Enxergar esta medida apenas como uma pauta ecológica é ter a miopia de quem lê o Financial Times pela seção de classificados. O que foi votado no plenário em Brasília não é um projeto ambiental; é a emissão de um passaporte para o Brasil competir na nova ordem econômica global. E, como em toda corrida, largamos atrasados.

Enquanto nossos parlamentares debatiam vírgulas, a União Europeia, desde o ano passado, já implementa gradualmente seu Mecanismo de Ajuste de Carbono na Fronteira (CBAM). O nome é técnico, mas a tradução é simples: uma tarifa de importação baseada nas emissões de carbono dos produtos. A partir de 2026, o aço, o alumínio e os fertilizantes brasileiros que chegarem aos portos de Roterdã ou Hamburgo sem uma precificação de carbono crível e rastreável pagarão uma taxa que pode inviabilizar sua competitividade. Nosso novo marco legal não é uma escolha, é uma reação desesperada a um muro comercial que Bruxelas já começou a erguer.

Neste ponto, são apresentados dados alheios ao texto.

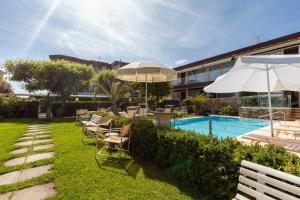 a pool with chairs and umbrellas next to a building at Appartamento Bacco in Lido di Camaiore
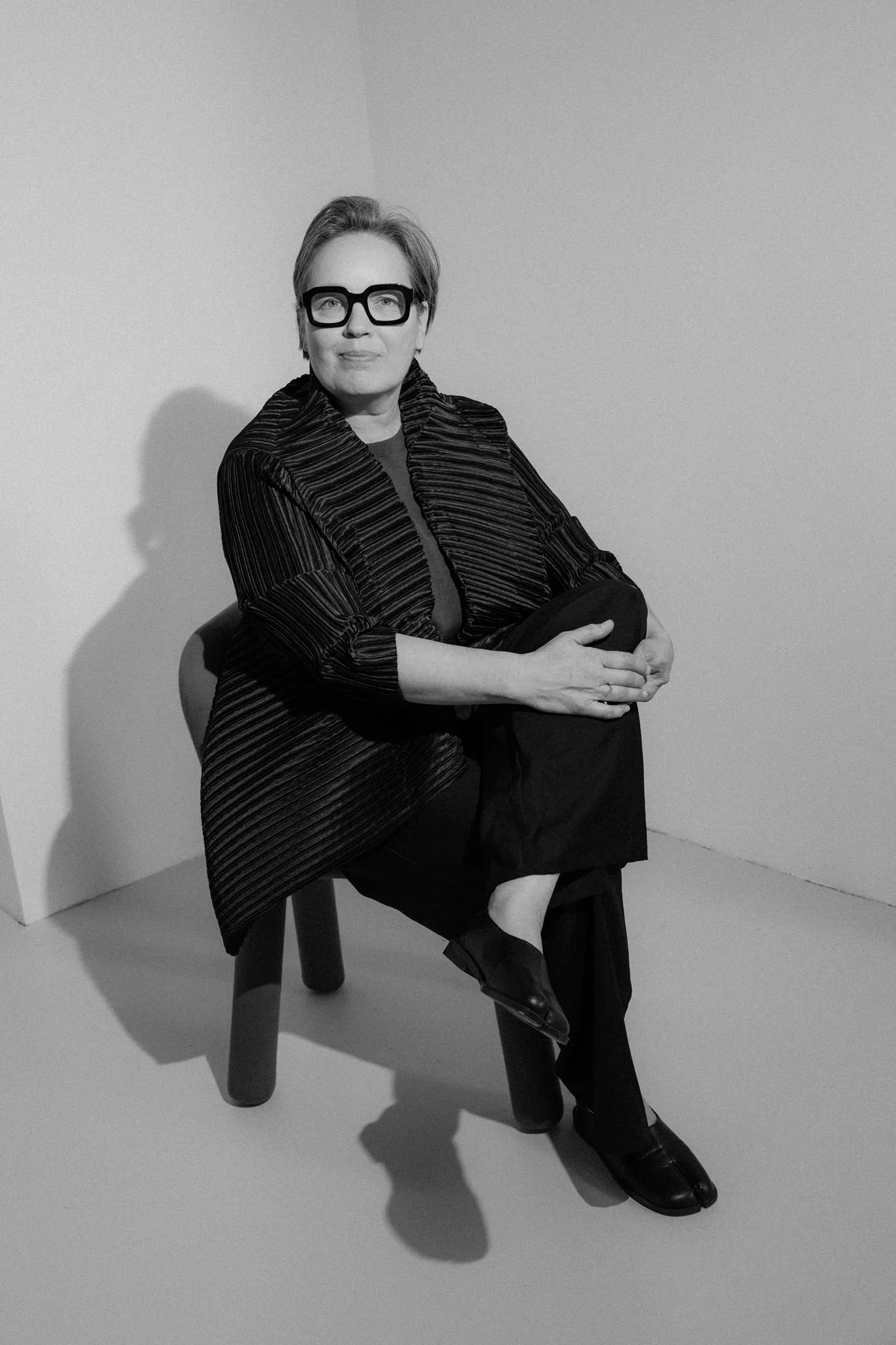 A woman sits on a stool against a plain wall, wearing large glasses, a patterned coat, and black shoes, with her hands folded on her lap.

A conexão vai além da Europa. Em Nova York e Londres, gestores de fundos que controlam trilhões de dólares sob o selo ESG buscam, famintos, por ativos “verdes” para investir. Sem uma regulação clara e um sistema confiável de medição e verificação, o imenso potencial do Brasil – a maior floresta tropical do planeta, uma matriz energética limpa – vaza para o ralo da desconfiança. O capital, que abomina a incerteza regulatória, migra para projetos na Indonésia ou no Congo que, mesmo com menos potencial, oferecem regras mais claras.

O que vem a seguir é o verdadeiro desafio. A aprovação de uma lei é apenas a linha de largada. A corrida real é tecnológica e de governança. Teremos a agilidade para criar um sistema de monitoramento com a credibilidade que um investidor de Singapura exige? Nossos “campeões nacionais” do agronegócio e da indústria estão preparados para a transparência radical que esse mercado impõe, onde cada tonelada de soja ou aço terá sua pegada de carbono auditada por satélites e blockchain?

O Brasil está sentado sobre o que pode ser o “pré-sal do século XXI”: uma reserva de capital natural capaz de gerar riqueza e influência geopolítica. Mas possuir o petróleo não adianta se não houver refinaria. A lei aprovada é a planta da refinaria. Construí-la em tempo recorde, com a eficiência que o Vale do Silício e a urgência que o clima impõem, definirá se seremos uma potência na bioeconomia ou apenas uma commodity na prateleira do mundo.